# The records:
....

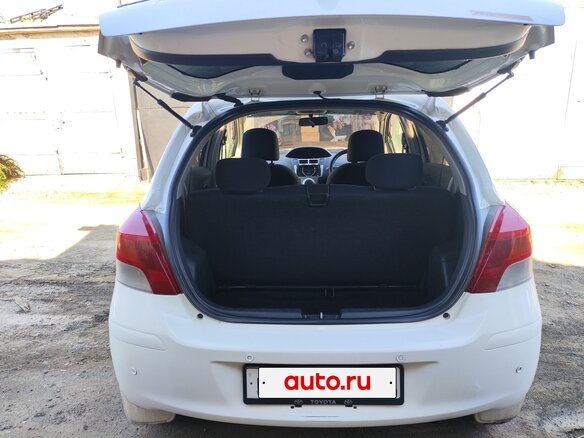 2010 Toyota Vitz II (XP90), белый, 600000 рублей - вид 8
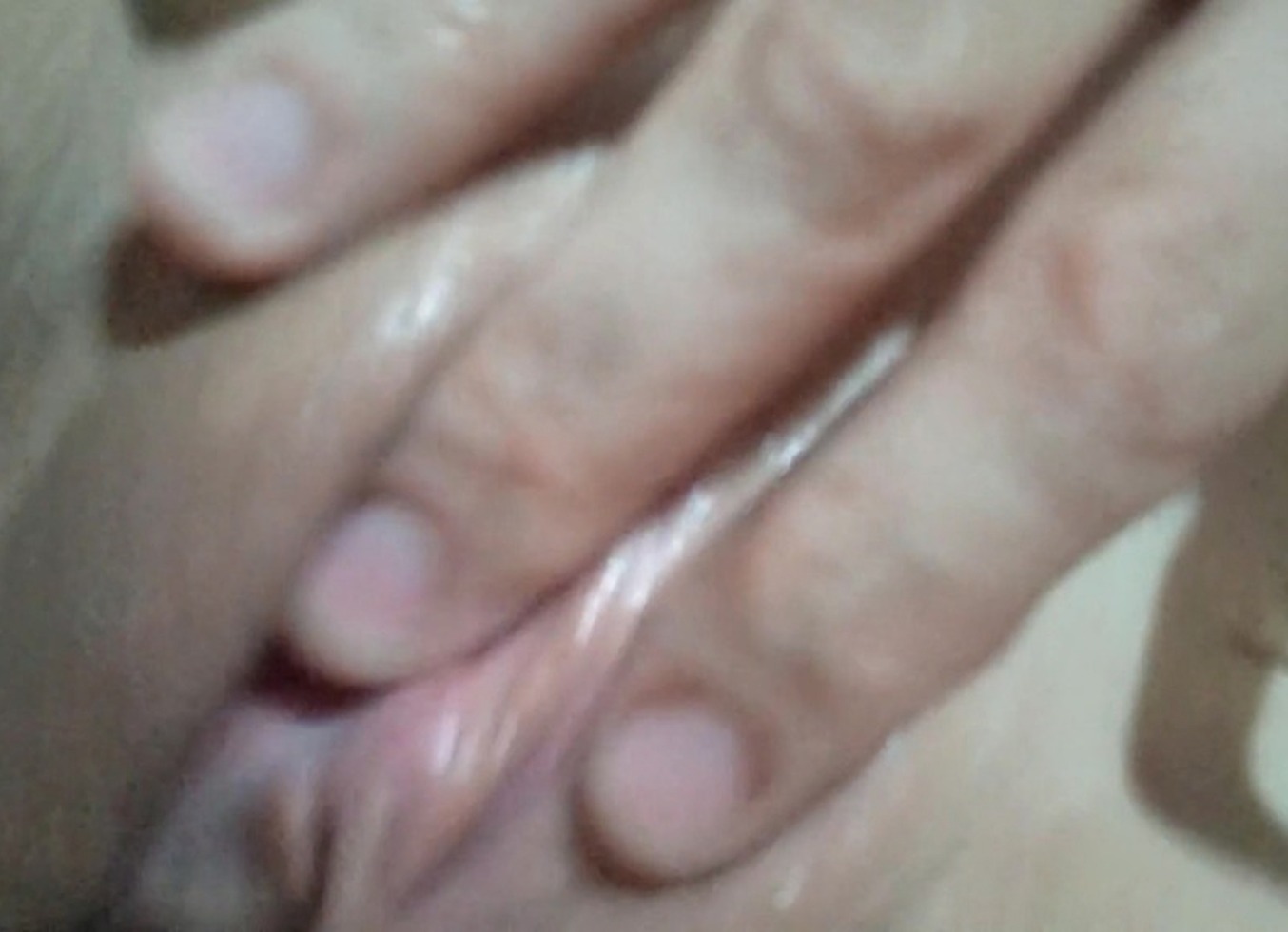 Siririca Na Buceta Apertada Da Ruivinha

....

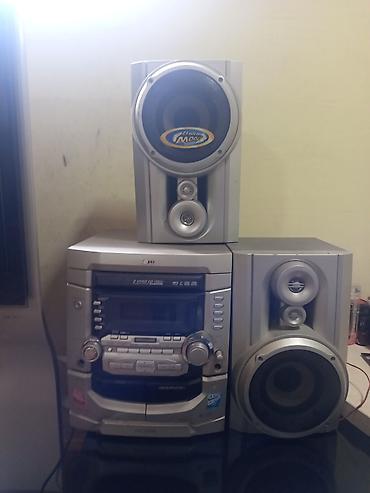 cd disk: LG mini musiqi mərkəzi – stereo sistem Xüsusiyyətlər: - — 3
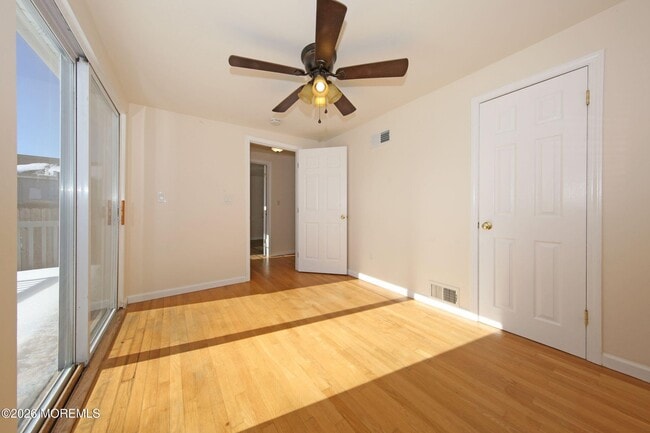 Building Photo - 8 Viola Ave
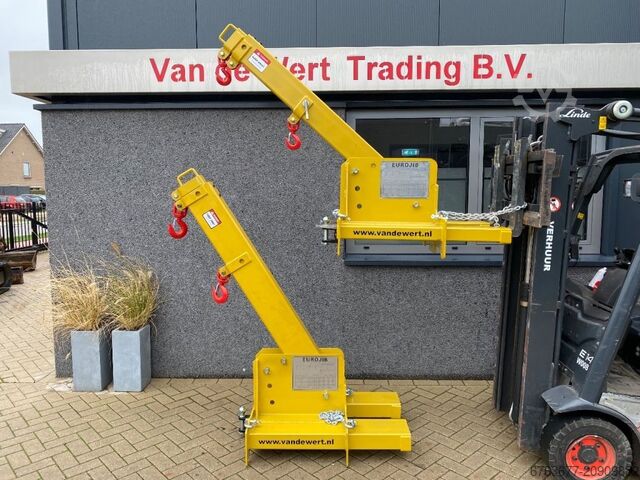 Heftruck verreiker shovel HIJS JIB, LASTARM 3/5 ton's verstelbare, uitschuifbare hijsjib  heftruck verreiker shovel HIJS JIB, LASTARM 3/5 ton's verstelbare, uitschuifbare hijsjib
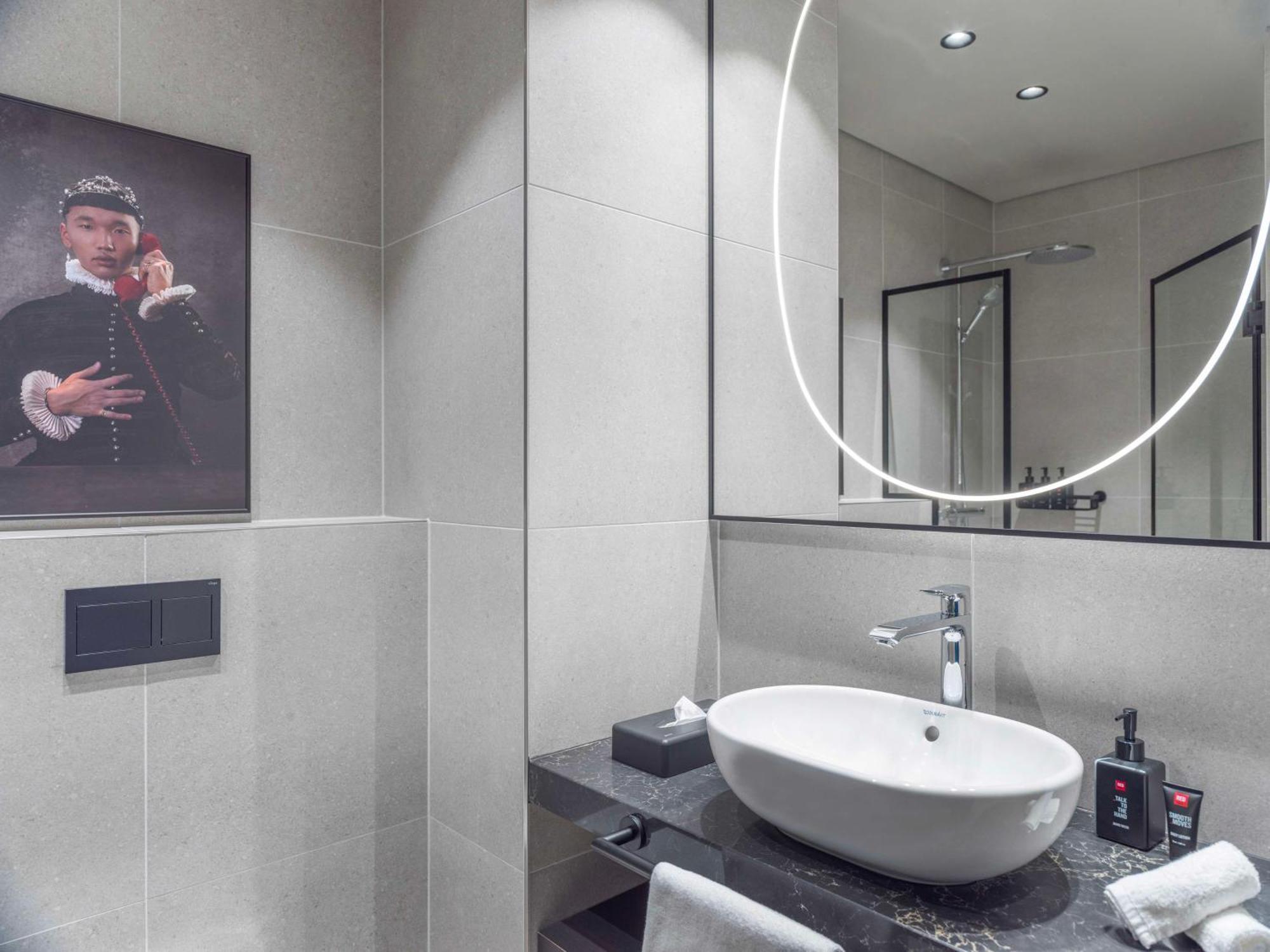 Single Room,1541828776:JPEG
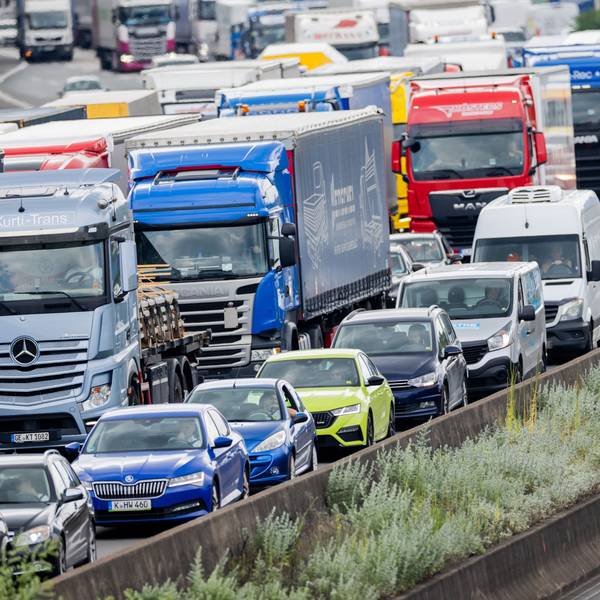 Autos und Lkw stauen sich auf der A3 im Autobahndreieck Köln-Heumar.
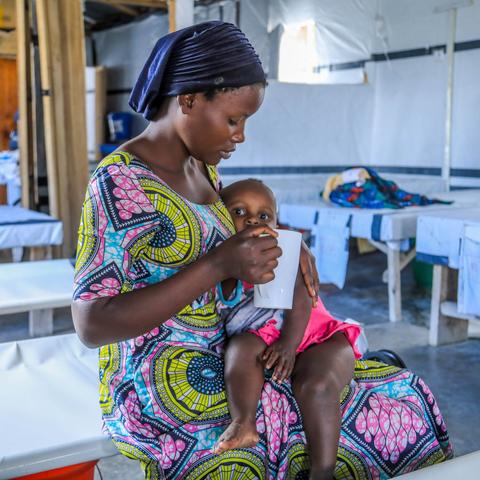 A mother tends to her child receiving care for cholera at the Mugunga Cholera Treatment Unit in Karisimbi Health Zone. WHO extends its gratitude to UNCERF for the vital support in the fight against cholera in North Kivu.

....

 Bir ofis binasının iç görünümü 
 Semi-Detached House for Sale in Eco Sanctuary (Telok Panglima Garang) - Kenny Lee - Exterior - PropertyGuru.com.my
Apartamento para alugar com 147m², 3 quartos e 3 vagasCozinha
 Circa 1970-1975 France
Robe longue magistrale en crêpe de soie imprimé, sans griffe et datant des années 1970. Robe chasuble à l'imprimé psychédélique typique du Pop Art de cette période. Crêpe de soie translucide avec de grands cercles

....

# Work to be completed:
Give back exactly, and solely, the section of the data above bounded by the line containing "2010 Toyota Vitz" and the line containing "Siririca Na Buceta Apertada Da Ruivinha", both bounding lines included and pictures omitted.

# Response box:
 2010 Toyota Vitz II (XP90), белый, 600000 рублей - вид 8
 Siririca Na Buceta Apertada Da Ruivinha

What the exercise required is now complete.